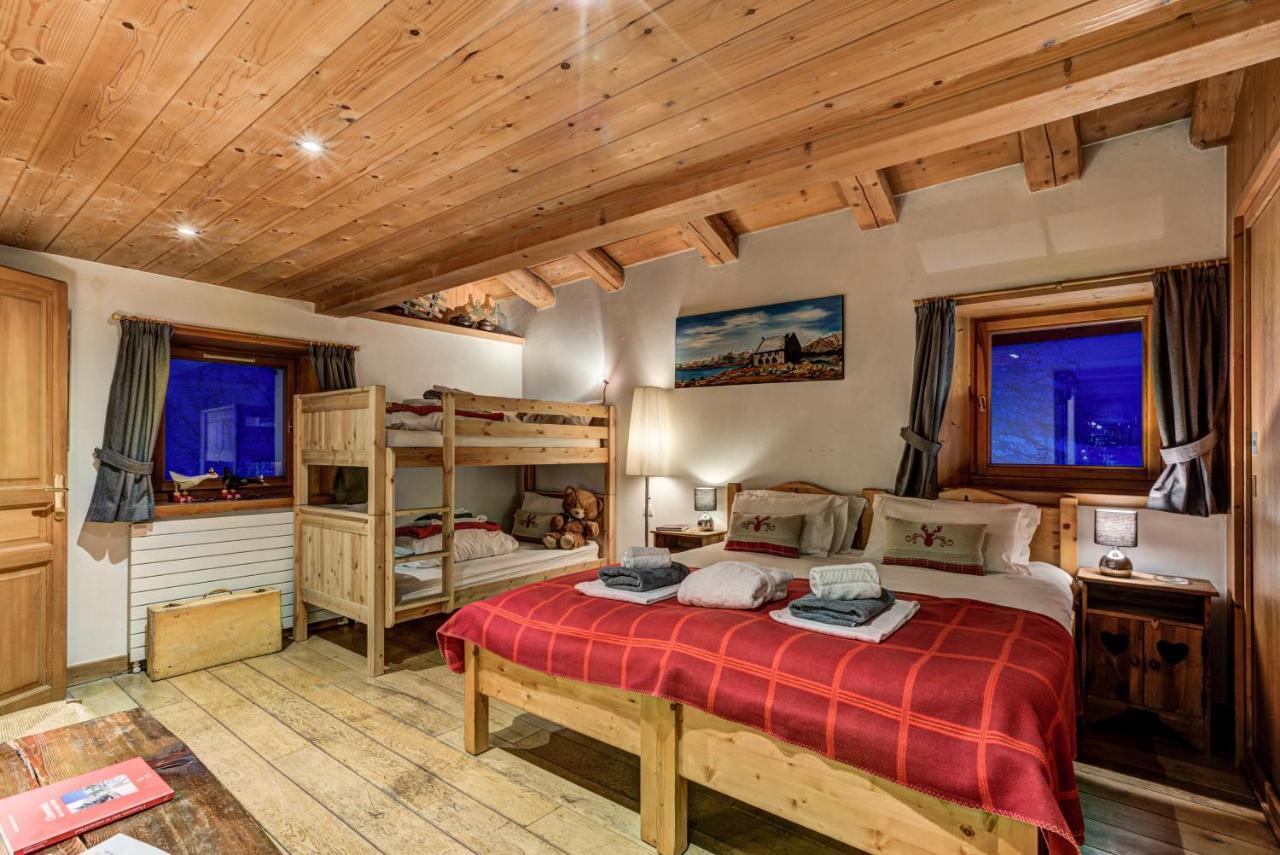 Tissieres * Chamonix Mont Blanc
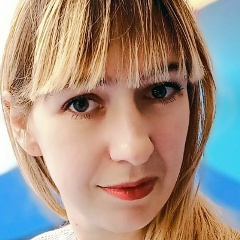 Натали Сапунарова, 05.01, Николаев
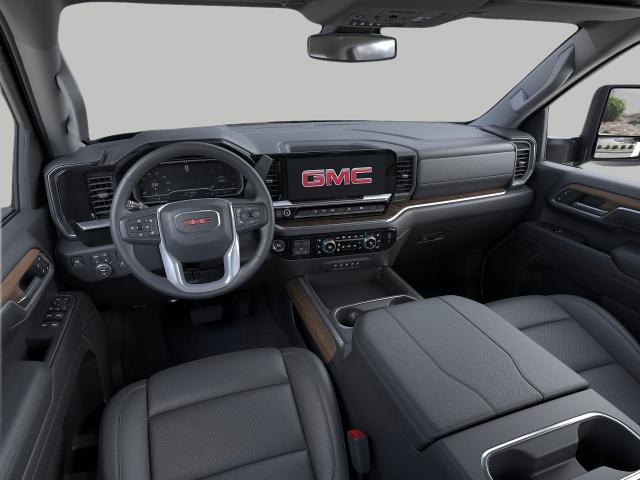 2025 GMC Sierra 2500 HD Vehicle Photo in APPLETON, WI 54914-8833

*PROBLEM TO WORK ON:*
Reproduce all of the data exactly, omitting each picture it holds.

*TASK SOLUTION:*
 Tissieres * Chamonix Mont Blanc
 Натали Сапунарова, 05.01, Николаев
 2025 GMC Sierra 2500 HD Vehicle Photo in APPLETON, WI 54914-8833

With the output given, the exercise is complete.